Les corps glorieux, Sept visions brèves de la Vie des ressuscités (French: The Bodies Glorious, Seven Brief Visions of the Life of the Resurrected) are a large cycle for organ composed in the summer of 1939 in Saint-Théoffrey (Isère) by Olivier Messiaen. The work was completed on 25 August 1939, a week before the declaration of the Second World War, and premiered by Messiaen himself on 15 April 1945 at the Palais de Chaillot.

Les corps glorieux marks an evolution in the musical language of Olivier Messiaen, combining features of both Indian classical music and Gregorian chant. The work, together with L'Ascension (1934) and La Nativité du Seigneur (1935), is one of the three early organ cycles of the composer.

==Structure==
Les corps glorieux, divided into three books, consists of the following seven movements:

=== Book I ===

==== 1. Subtilité des corps glorieux ====
The Subtlety of the Bodies Glorious' is a single unharmonised melody based on a Gregorian antiphon. Each end of a phrase is repeated as an echo. Cornet registrations alternate between the Grand-Orgue, Positif and Récit manuals. The unchanging monophony of this movement, the simplest and purest musical form, symbolises the "subtilité".

The epigraph of this movement, added by the composer, reads translated: "An earthly body is being sown, a spiritual body is raised." (1 Corinthians 15:44) "And they shall be as the angels of God in heaven." (Matthew 22:30)

==== 2. Les eaux de la grâce ====
"The Waters of Grace" are symbolised here by a 4' ostinato in the pedal, which is simultaneously played in diminution by the left hand, while in the right hand a harmonized melody is heard. The octave doubling of this melody by the 16' register gives an unusual effect. After 29 bars, the movement breaks without a real conclusion - the melody could be carried on to infinity.

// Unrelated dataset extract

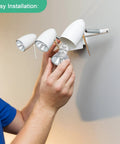 Person installing GU10 120V 25W Halogen Bulbs For Wax Warmer Scent Melt Candle Warmer in a wall fixture, showcasing easy installation.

The epigraph of this sentence reads: "The Lamb in the midst of the throne will lead the chosen to the waters of life." (Revelation John 7:17)

==== 3. L'ange aux parfums ====
The textures of "The Angel with Incense" are wide-ranging, from simple monophony to complicated counterpoint. At the beginning of the second part of the movement, a unison melody acts as a cantus firmus . In a following, fast section, the ascent of the incense is symbolised through fast semiquaver runs. These runs abruptly cut short to end the movement.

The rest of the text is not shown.